_Exercise aim:_
Will you return, word for word, only the lines from the top of the data below down to and including the one with "Select Colour: BERRY STRIPE MULTI"?

.....

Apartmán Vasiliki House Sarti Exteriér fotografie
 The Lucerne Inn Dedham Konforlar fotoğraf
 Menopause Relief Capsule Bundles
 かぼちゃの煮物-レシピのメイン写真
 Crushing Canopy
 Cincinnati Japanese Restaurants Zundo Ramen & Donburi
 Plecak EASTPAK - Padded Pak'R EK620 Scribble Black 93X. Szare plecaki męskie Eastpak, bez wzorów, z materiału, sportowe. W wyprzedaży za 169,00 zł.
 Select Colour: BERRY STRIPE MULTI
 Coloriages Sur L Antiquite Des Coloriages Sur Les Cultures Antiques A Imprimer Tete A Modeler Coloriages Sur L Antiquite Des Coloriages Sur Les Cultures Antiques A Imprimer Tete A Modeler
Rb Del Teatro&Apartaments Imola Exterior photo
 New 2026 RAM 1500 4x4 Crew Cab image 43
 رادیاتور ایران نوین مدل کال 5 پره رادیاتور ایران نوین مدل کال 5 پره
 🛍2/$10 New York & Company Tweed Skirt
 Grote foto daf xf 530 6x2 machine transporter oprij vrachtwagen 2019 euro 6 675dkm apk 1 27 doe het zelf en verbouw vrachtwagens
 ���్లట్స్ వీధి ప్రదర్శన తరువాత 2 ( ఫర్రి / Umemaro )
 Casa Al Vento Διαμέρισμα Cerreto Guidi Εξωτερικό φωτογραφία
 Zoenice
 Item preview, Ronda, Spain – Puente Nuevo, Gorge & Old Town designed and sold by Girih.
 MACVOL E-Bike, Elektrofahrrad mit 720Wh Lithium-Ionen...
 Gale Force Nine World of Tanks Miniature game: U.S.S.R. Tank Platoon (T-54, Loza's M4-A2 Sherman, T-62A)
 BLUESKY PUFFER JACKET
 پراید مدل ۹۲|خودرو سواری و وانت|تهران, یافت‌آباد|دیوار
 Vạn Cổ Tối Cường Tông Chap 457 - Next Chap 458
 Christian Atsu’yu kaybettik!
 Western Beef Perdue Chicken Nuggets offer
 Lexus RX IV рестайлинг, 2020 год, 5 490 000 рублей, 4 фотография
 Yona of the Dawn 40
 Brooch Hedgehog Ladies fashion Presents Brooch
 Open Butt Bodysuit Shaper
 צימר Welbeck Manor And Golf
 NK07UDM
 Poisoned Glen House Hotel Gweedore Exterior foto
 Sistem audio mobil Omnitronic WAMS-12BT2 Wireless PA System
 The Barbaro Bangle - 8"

.....

_Answer to the exercise:_
Apartmán Vasiliki House Sarti Exteriér fotografie
 The Lucerne Inn Dedham Konforlar fotoğraf
 Menopause Relief Capsule Bundles
 かぼちゃの煮物-レシピのメイン写真
 Crushing Canopy
 Cincinnati Japanese Restaurants Zundo Ramen & Donburi
 Plecak EASTPAK - Padded Pak'R EK620 Scribble Black 93X. Szare plecaki męskie Eastpak, bez wzorów, z materiału, sportowe. W wyprzedaży za 169,00 zł.
 Select Colour: BERRY STRIPE MULTI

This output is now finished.